The carriers are offering a 16% wage increase over five to seven years and want workers to pay more for their health care benefits.
Regan said that amounts to a pay cut because inflation and extra health care payments will wipe out any benefits from the raise.
He pointed to carriers making record profits and said it was unconscionable to ask workers to pay more when companies are earning so much.
BNSF reported net income of $5.99 billion in 2021.
Several unions are considering calling a national strike to draw attention to poor wages and working conditions which they say are causing an exodus of workers from the industry.
Members of the Brotherhood of Locomotive Engineers and Trainmen voted 99.5% in favor of a strike on July 12, allowing their leaders to call a work stoppage when a “cooling off period imposed by the federal government expires on July 18.
President Joe Biden could prevent a strike by appointing a three-member Presidential Emergency Board to investigate and make recommendations on how best to resolve the dispute.

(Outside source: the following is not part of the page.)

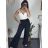 Kalhoty dlouhé letní dámské  (S/M/L ONE SIZE) ITALSKÁ MÓDA IMD23417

Regan said the board would serve as a neutral arbiter and could be helpful in moving the two sides forward in their stalemate.
He said workers want to get back to work and can help rail carriers build a more stable supply chain to help goods move more efficiently by rail.
“But the longer these workers remain without a pay rise and without a stable contract guaranteeing some economic security in the future, the worse the situation will only get,” he said.